O.S. : Il faut toujours avoir en tête la phrase de Iago : «Je ne suis pas ce que je suis. » Cette phrase est valable pour tous les personnages de la pièce ou presque.
N.G. : Les personnages sont définis par ce qu’on dit d’eux : au début de la pièce, le doge parle d’Othello comme d’un homme courageux qui s’expose là où les vénitiens hésitent à aller, un homme qui s’est donné à la République, qui s’est converti. Avant de mourir, Othello dit : « Dites qu’un jour à Alep il y avait un barbare, comme vous dites, un Arabe, un fanatique, un chien de circoncis… » Il finit par se définir lui-même comme un barbare, c’est-à-dire exactement comme il pense que les Vénitiens le perçoivent. Le langage a fait son oeuvre…
O.S. : Ce suicide est une identification à l’image qu’on a de lui. Dans ce travail sur Othello, l’idée d’Europe est très présente, elle est même représentée par son drapeau à étoiles et par son hymne.
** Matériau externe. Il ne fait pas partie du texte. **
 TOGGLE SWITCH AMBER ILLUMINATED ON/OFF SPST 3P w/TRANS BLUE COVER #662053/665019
Quel lien établissez-vous entre ces deux univers ?
O.S. : À l’époque où se situe Othello, Venise est l’épicentre de l’Europe, elle est confrontée à l’Empire ottoman, dans une guerre pour conserver Chypre, un comptoir commercial à partir duquel se tisse ses relations économiques avec l’Orient.
N.G. : La pièce nous a intéressés précisément parce qu’elle nous permettait de travailler une problématique, habituellement prise sous l’angle sociologique ou identitaire, sur un plan plus politique : la question, au fond, c’est ce que l’Europe fait d’Othello, la manière dont elle utilise ses qualités militaires, son aura, pour remporter une victoire qui engage des intérêts économiques majeurs.
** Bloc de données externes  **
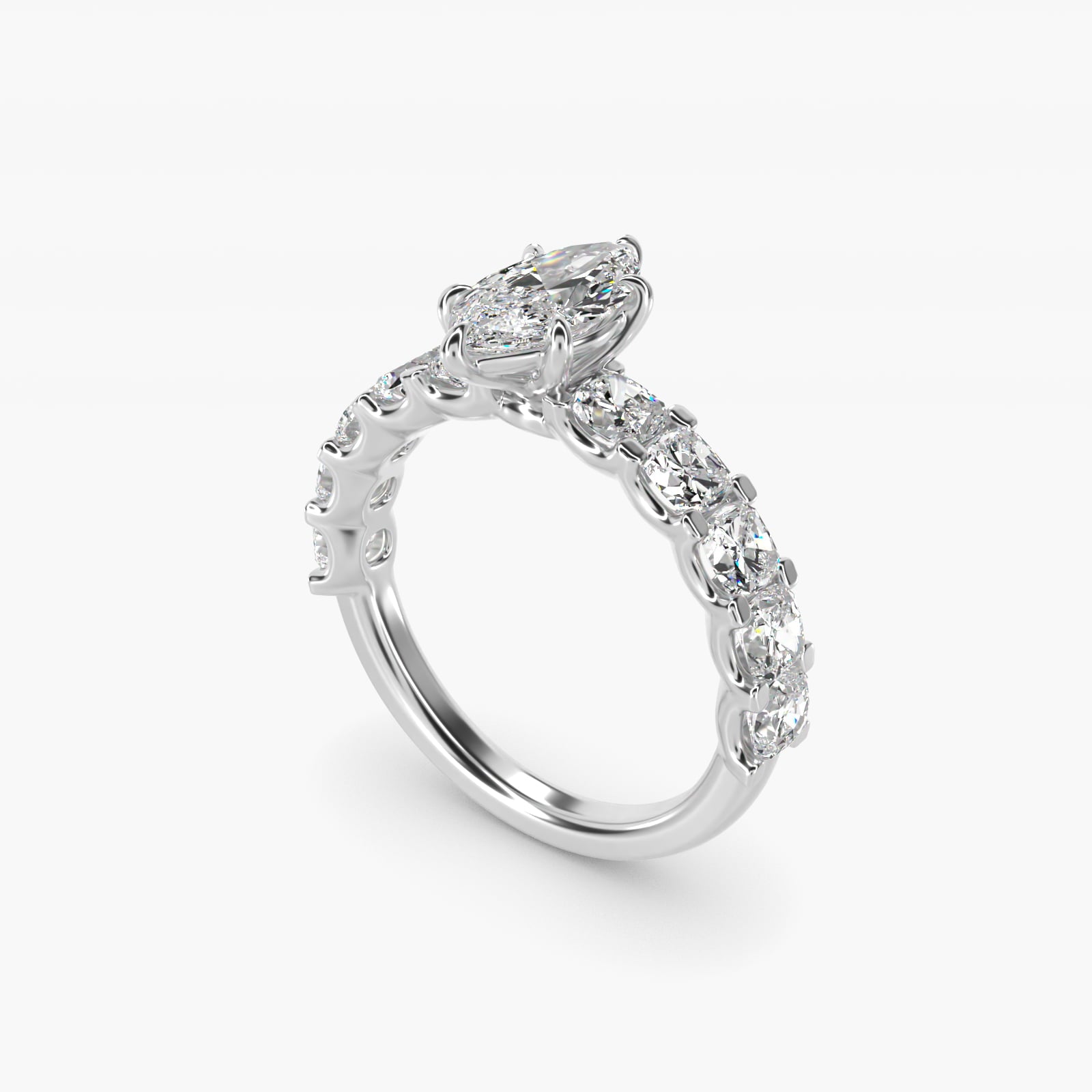 Cushion-Cut Diamond Engagement Ring in 18k White Gold - Marquise Center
Vous avez établi des liens très étroits avec une compagnie libanaise, Zoukak, avec qui vous avez travaillé Othello. Cela a-t-il influencé votre création actuelle ?
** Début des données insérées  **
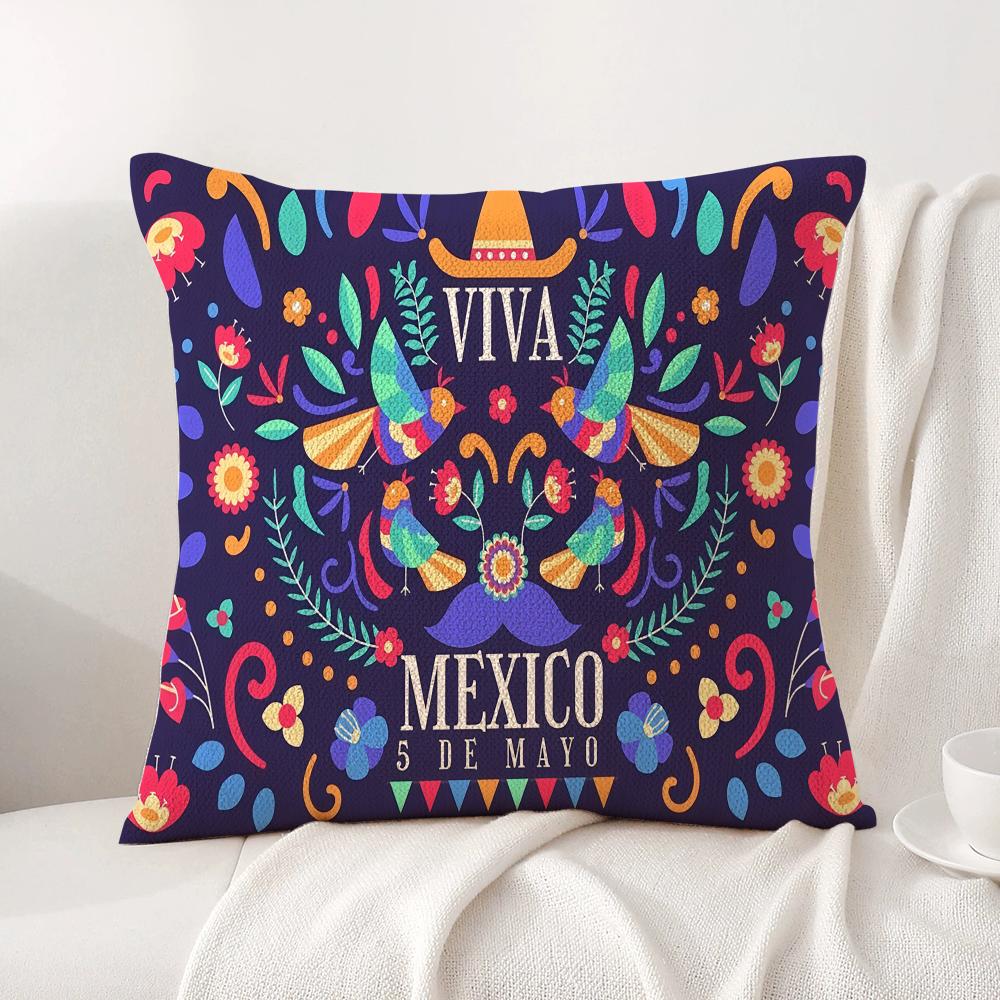 Viva Mexico Пурпурная Наволочка Натуральный Лен Органическая Ткань Двусторонняя Печать Диван Домашний Декор Подарок Наволочка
N.G. : Cela fait dix ans que nous partageons des temps de travail avec cette compagnie fondée notamment par Omar Abi Azar. C’est avec Omar que nous avons conçu la première étude autour d’Othello à la FabricA sous le titre L’Avantage du printemps.
O.S. : Nous avons beaucoup parlé avec eux, par exemple, du regain d’intérêt pour leurs pratiques au moment du « Printemps arabe »… Ils sont lucides sur les aléas de leur situation par rapport à l’Europe qui leur reconnaît les vertus des pauvres, alors que leur vertu ne vient pas de la pauvreté et qu’ils aimeraient bien avoir d’autres moyens.
N.G. : La fréquentation de cette compagnie est très importante pour nous. Il s’agit d’une alliance politique, artistique : nous interrogeons nos pratiques respectives aussi bien sur le plan de l’écriture, de la création que sur celui de la production ou de l’organisation. Par exemple, sur la question du public, les formes que nous imaginons les uns et les autres exigent non seulement un travail quotidien, mais aussi la recherche d’un public qui regroupent « des » publics (celui qui est habitué à la fréquentation des théâtres et celui qui ne l’est pas).
O.S. : Ce qui apparaît parfois comme une obligation à faire du socio-culturel, à remplir un cahier des charges imposé par les tutelles, est au coeur de notre projet artistique.
N.G. : Pour Othello, nous savons que nous jouerons à la Chartreuse, dans un centre pénitentiaire, dans des villages, en intérieur ou en extérieur. Les représentations seront suivies de discussions avec le public, et nous essaierons de faire en sorte que les questions politiques s’y posent.